The book follows the eponymous hero as he goes in search of wisdom and the 1 Big 1--the bomb that destroyed civilization. What he finds in the end is far different. He finds gunpowder--the 1 Littl 1. For Hoban, gunpowder is the first step--but the first step where? Both forwards and back. Gunpowder represents the reclamation of ancient culture lost in the radioactive wastes. But it also portends war, death and extinction.

And it all started with a Chinese alchemist, yearning for impossible immortality, playing with saltpeter and charcoal--until it went boom.

And that's it for this series. I hope you've enjoyed it!

Learning Today: The Los Alamos Cocktail

In the early days of Los Alamos the mesa town was full of science--but not fun. Though there was a twice-weekly movie night (at fifteen cents a head) besides that, the only other form of recreation was the single woman's dormitory--a small number of the residents of which started to charge single men for the privilege of female company. That and horse riding. The many young male scientists at the base had a critical case of boredom.

So those single scientists, blasting their brains on physics and fizzling away their youthful energies--they did what any pre-thirty year old would do. They partied like freshman girls at a state school. And now you can, too--
with this authentic recipe for Los Alamos hooch.

Fill a 32-gallon G.I. can half with grapefruit juice, half with lab alcohol.

Add dry ice.

Serve.

????

Profit!

All the taste of the nuclear arms race, none of the hassle!

This is according to Martin Sherwin's biography of Oppenheimer, American Prometheus.

Wednesday, February 15, 2012

Learning Today: The Four Great Inventions And Four Genius Tinkerings.
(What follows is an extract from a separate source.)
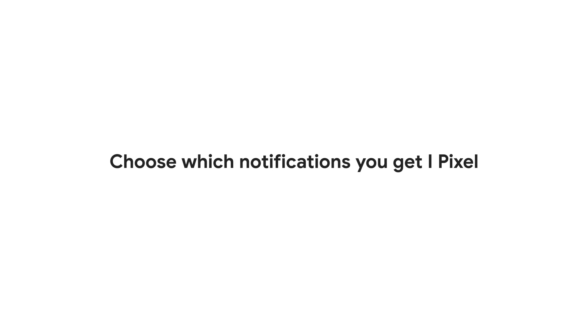In this video, we'll show you how to change your notification settings and choose which notifications you get on your Pixel phone, so you only get the alerts and messages that you want.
Part 3: Printing


This is what I heard.

At one time the Buddha was staying in the Jeta Grove, near the city of Sravasti.

With him there was a community of 1,250 venerable monks and devoted disciples.

One day before dawn, the Buddha clothed himself, and along with his disciples took up his alms bowl and entered the city to beg for food door to door, as was his custom.

After he had returned and eaten, he put away his bowl and cloak, bathed his feet, and then sat with his legs crossed and body upright upon the seat arranged for him.

He began mindfully fixing his attention in front of himself, while many monks approached the Buddha, and showing great reverence, seated themselves around him.


So begins the Diamond Sutra, an ancient buddhist text illuminating the nature of reality.

And so begins the earliest printed text to which we can fix a date--868 A.D. The woodblock-printed scroll is five meters long, and beautifully illustrated. The text's finely wrought letters and detailed drawings is proof that at the time they were made in ancient China, woodblock printing was already a mature art, seven centuries or so before Mr. Gutenberg made his famous bible.

The sutra was discovered in a cave in the Chinese desert, where--along with about a thousand other books--it was sealed up at about the turn of the last millennia.


Why Does Gutenberg Get All The Credit?
It is not mere Western chauvinism--though surely that played a part. There was a deeper, more technical problem that prevented Chinese printing from assuming the world-historical importance of Gutenberg's printing press.

Look at this. It means 'a place for gathering.' It is one of over three thousand chinese characters. To read a text--and, more pointedly, to print it--a person needs to master over three thousand of these intricate characters. And then inscribe them onto blocks of wood.

Despite this setback. the Chinese still developed a sophisticated method of printing called moveable type, in which individual characters can be moved around and reused to print different documents. But printing didn't catch on as explosively in the East as it did in the West.

The West has a huge advantage over China on this point, but it has nothing to do with how we usually imagine what distinguishes societies. It wasn't a difference in racial ability, or moral fortitude. It wasn't that the West was hard-working, and the East was decadent.

It was luck. European languages have a character count languishing in the mid-twenties--so any woodcutter with some degree of technical sophistication could cut his own type and start printing. Thus, the printing press led to a flourishing of printed material in the West, and only slightly cheaper buddhist texts in the East.

The Next Dimension
And now let's fast forward--to now. Printing is undergoing a new revolution, one which (depending on who you talk to) will create a new world of manufacturing, superabundance, and ease; will let us print our own action figures; or both; or--neither.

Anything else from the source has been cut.